┏━━

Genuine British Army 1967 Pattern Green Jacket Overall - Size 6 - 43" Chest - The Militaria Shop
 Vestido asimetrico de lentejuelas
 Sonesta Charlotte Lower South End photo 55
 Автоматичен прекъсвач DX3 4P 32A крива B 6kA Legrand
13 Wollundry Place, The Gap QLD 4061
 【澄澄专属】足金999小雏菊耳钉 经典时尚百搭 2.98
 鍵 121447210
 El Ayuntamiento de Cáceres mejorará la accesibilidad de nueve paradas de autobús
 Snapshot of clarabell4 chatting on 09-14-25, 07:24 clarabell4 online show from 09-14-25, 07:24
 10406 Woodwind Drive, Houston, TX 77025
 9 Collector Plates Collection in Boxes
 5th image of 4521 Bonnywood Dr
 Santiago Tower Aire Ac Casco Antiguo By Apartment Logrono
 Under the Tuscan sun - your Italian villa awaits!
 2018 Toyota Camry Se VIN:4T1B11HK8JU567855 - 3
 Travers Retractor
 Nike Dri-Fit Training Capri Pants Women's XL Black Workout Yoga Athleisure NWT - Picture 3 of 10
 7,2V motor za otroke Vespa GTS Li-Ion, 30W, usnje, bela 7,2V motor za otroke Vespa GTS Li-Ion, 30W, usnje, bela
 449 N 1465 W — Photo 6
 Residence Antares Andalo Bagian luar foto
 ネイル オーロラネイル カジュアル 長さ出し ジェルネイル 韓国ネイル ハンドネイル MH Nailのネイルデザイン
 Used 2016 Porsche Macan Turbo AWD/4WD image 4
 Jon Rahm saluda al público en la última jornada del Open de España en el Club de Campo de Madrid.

┗━━

TASK PROMPT. Review the entries above and return every line where "image" appears.

RESPONSE AREA.
 5th image of 4521 Bonnywood Dr
 Used 2016 Porsche Macan Turbo AWD/4WD image 4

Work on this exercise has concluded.